What advice can you give to crew that feel the need to compete?
Well I think as long as comps help drive you to progress, then you should compete, because the competition and calibre of athletes doing them is going to push you to be a better surfer all round.
Judges want your surfing to be textbook, and not one bit of wasted motion. They have to have a way of reducing so many complex movements and an entirely subjective feeling about your style into a single number. But there is definitely a sterility to all that, which I feel can supress your natural ability and the creativity you need to distinguish yourself from others.

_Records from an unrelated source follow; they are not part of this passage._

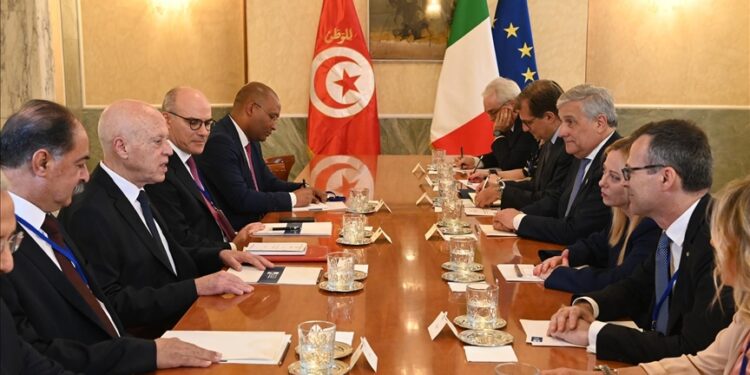 تونس .. سعيد يدعو إلى وضع حد لظاهرة “الهجرة غير الإنسانية”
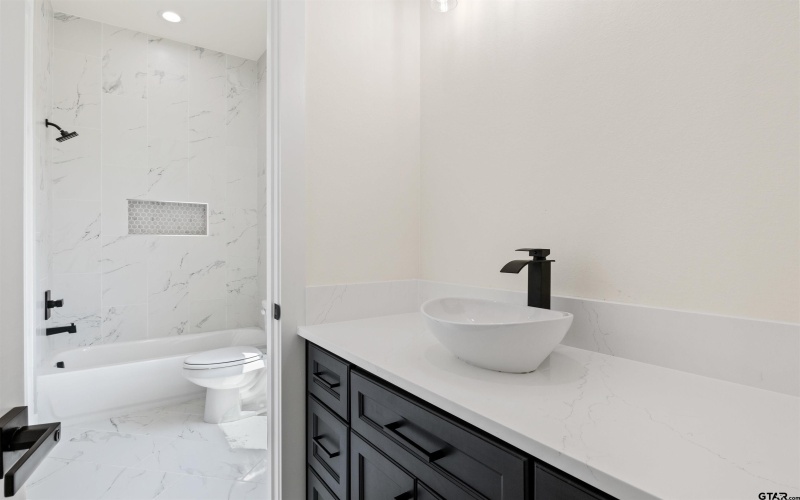 2705 Stone Briar, Mount Pleasant, TX 75455, 4 Bedrooms Bedrooms, ,3 BathroomsBathrooms,Residential,For Sale,2705 Stone Briar,0,25015036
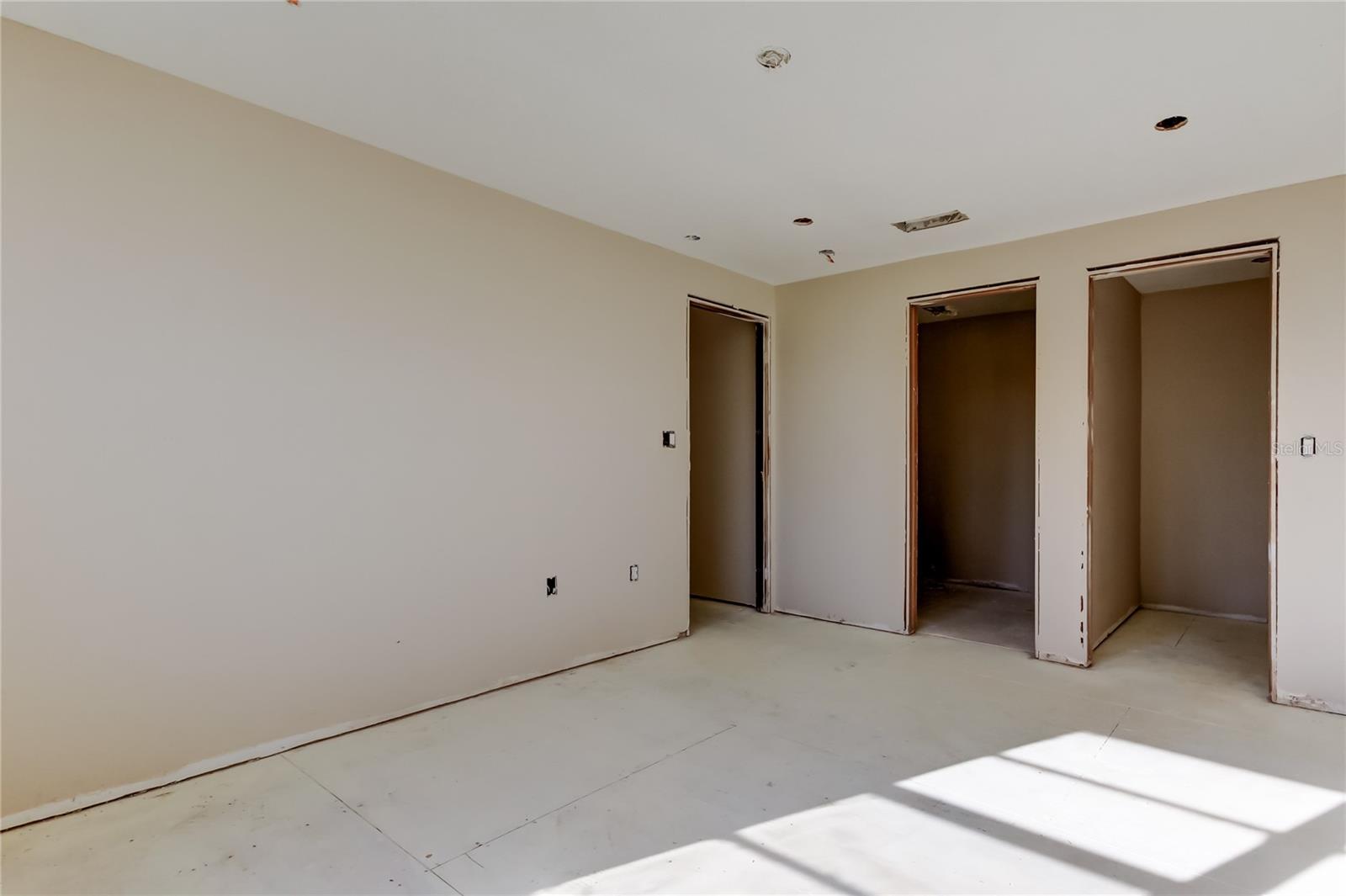 5026 WATER OAK DR #220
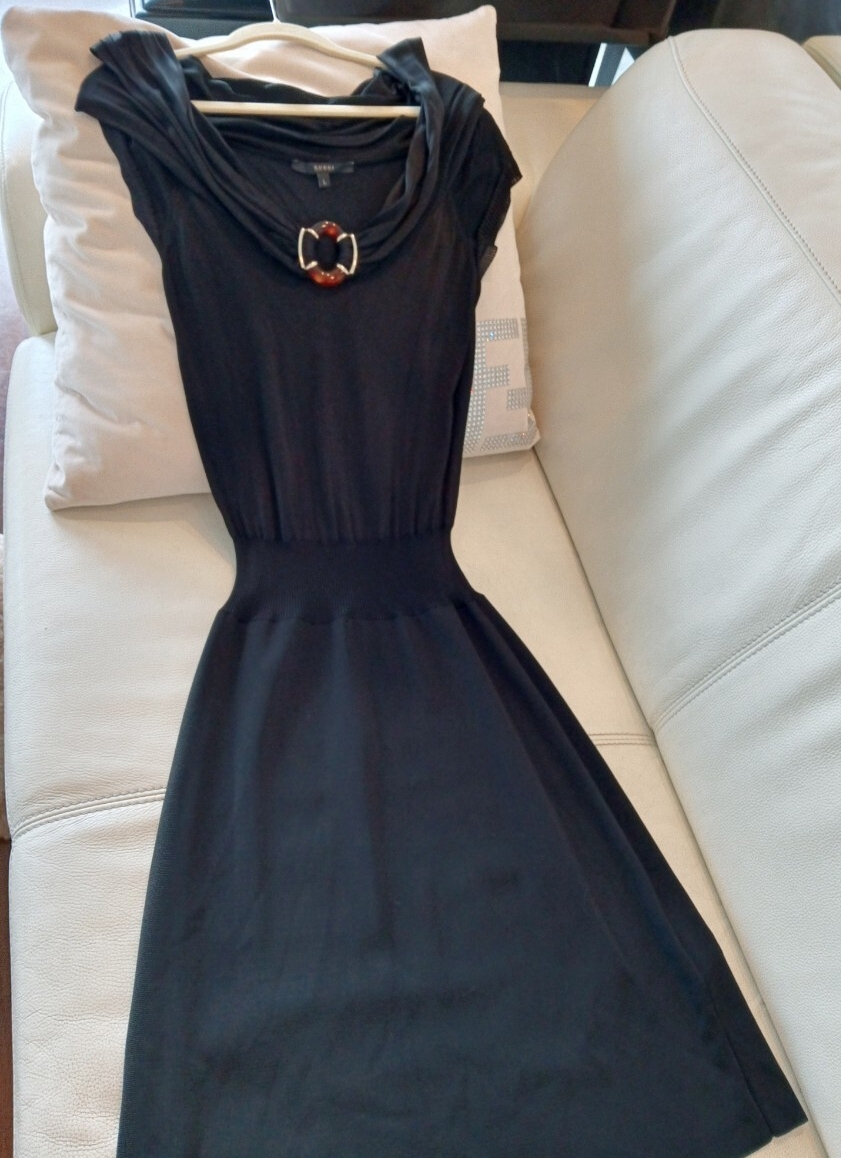 グッチ GUCCI ブラック ニット オフショルダー ワンピース フレアー L エレガント 30 万拍卖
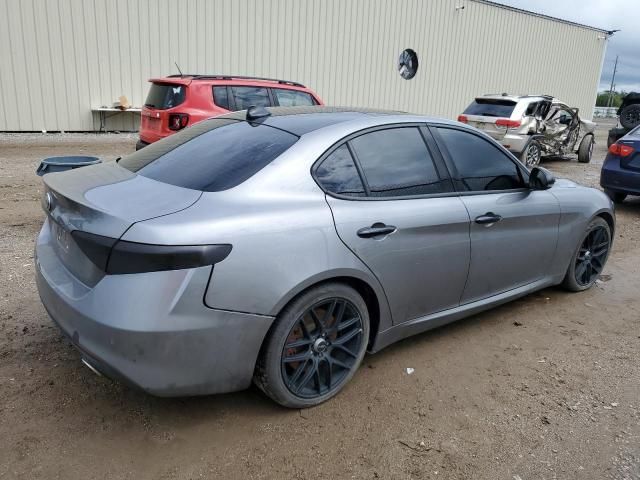 2017 Alfa Romeo Giulia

You have to be able to do all the stuff: airs, turns, tubes etc, in every condition. That’s the vocabulary we all have to learn, but it’s the type of poetry that you make of it, and how you make it look - to me that is what makes surfing great.
That personal expression we all have to give, creates a bifurcation in surfing and helps it stay a culture, more than just focusing on the sheer athleticism of the sport.
But don’t get me wrong, I still practice ‘textbook’ comp surfing all day long. Although personally, when I’m just playing around, I tend surf a lot better and improve. There are really no limits except for the ones you make for yourself. It feels really good to be creative and make mistakes, to fall and try again, then you hit that moment where something changes, and you land or overcome something for the first time. I think those moments of progression can change your DNA and your way of thinking.
Last time we played pong it was pretty close, keep it up as I plan to smash you next time!
I can’t wait for our next match up, you’re always on another level with it, I’ve bought my own butterfly paddle now for the next showdown, so I hope for your sake your game is still tight, because when surfing’s off, it’s on!